Scraped caption text data

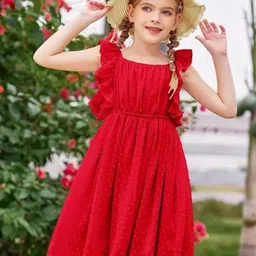 R Cube Flutter Sleeve Georgette Fit & Flare Midi Dress-74
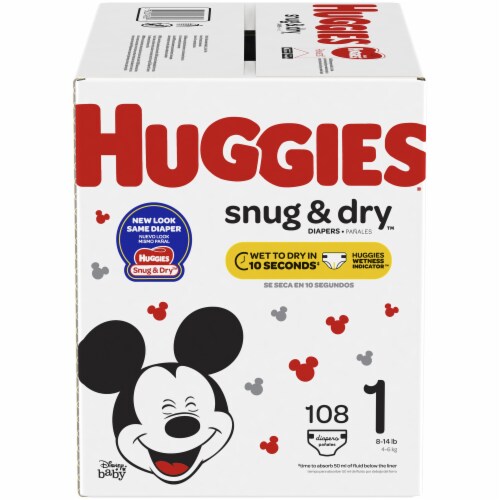 Huggies Snug & Dry Baby Diapers, Size 1 (8-14 lbs), 108 count - Kroger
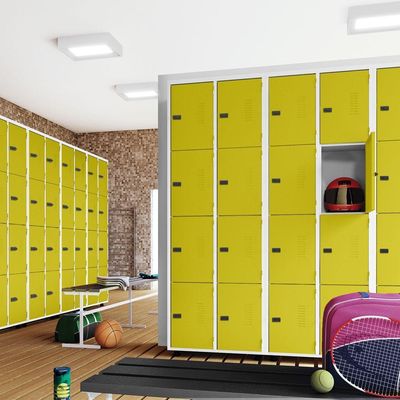 Armário Roupeiro Aço 4 Portas Academia Guarda Volume Amarelo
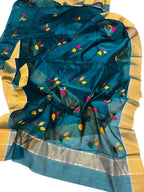 Exquisite Blue Chanderi Handloom Silk Cotton Saree: Timeless Elegance - Luxurion World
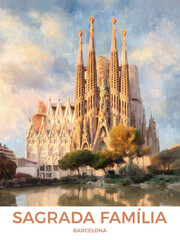Retro Sagrada Familia in Barcelona Cityscape Poster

TASK PROMPT: What are the lines from the one containing "Huggies Snug &" through the end of the records? Write them out exactly, leaving out the pictures.

PROBLEM SOLUTION:
 Huggies Snug & Dry Baby Diapers, Size 1 (8-14 lbs), 108 count - Kroger
 Armário Roupeiro Aço 4 Portas Academia Guarda Volume Amarelo
 Exquisite Blue Chanderi Handloom Silk Cotton Saree: Timeless Elegance - Luxurion World
Retro Sagrada Familia in Barcelona Cityscape Poster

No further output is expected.